HySchool is a thematically oriented research school where doctoral candidates from all universities and university colleges in Norway can be admitted. The main requirement for admittance to the research school is that important parts of the doctoral project address issues related to hydrogen and hydrogen-based fuels as energy carriers in industry and society.
HySchool web page: https://www.uib.no/en/hyschool
Hytack
The project aims at developing and providing an educational base in the field of hydrogen technology to the students and to a wider community.
HyTack is a collaborative project between two Norwegian universities (University of Stavanger, UiS, and University of South-Eastern Norway, USN), Savitribai Phule Pune university (SPPU) in India, two universities in Japan (Tohoku University, TU, Shibaura Institute of Technology, SIT) and research institutes: Institute for energy Technology (IFE, Norway), Norwegian research center (NORCE, Norway), and Indian institute of scientific education and research (IISER, India).
FME battery
Centre for next generation and improved circular sustainable battery technology value chain.
The centre conducts research on next generation and improved circular sustainable battery technology value chain.
The functional materials and process chemistry group is participating in WP2 of the FME . The WP2 focusses on Processes and recycling of the batteries and will contribute significantly to making the battery value chain sustainable.
Chemical pollutants remediation
The adverse effect on human health and the environment is becoming a societal challenge.

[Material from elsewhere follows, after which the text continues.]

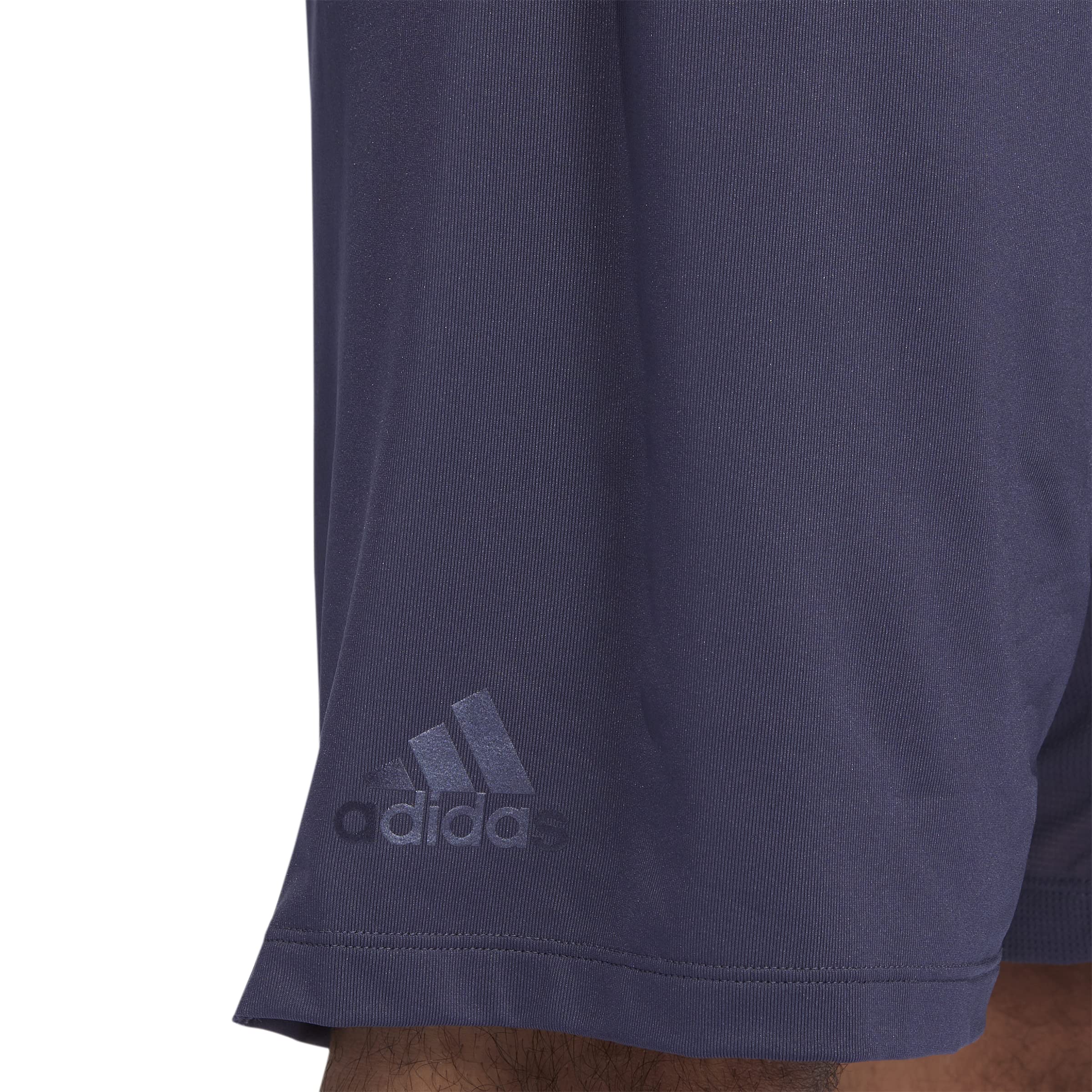 adidas Men's 4KRFT Sport Graphic Shorts, Shadow Navy, Small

Human health and the environment are at higher risk of causing adverse effects from the intentional and unintentional discharge of chemicals into the environment. These chemicals consist of pesticides, Persistent organic pollutants (POPs), pharmaceuticals, PFAS (Per- and Polyfluoroalkyl Substances) and industrial chemicals. Their production and use have resulted in severe soil, water and food contamination and harmful exposure to humans. We are developing material technology for the removal and remediation of such chemicals.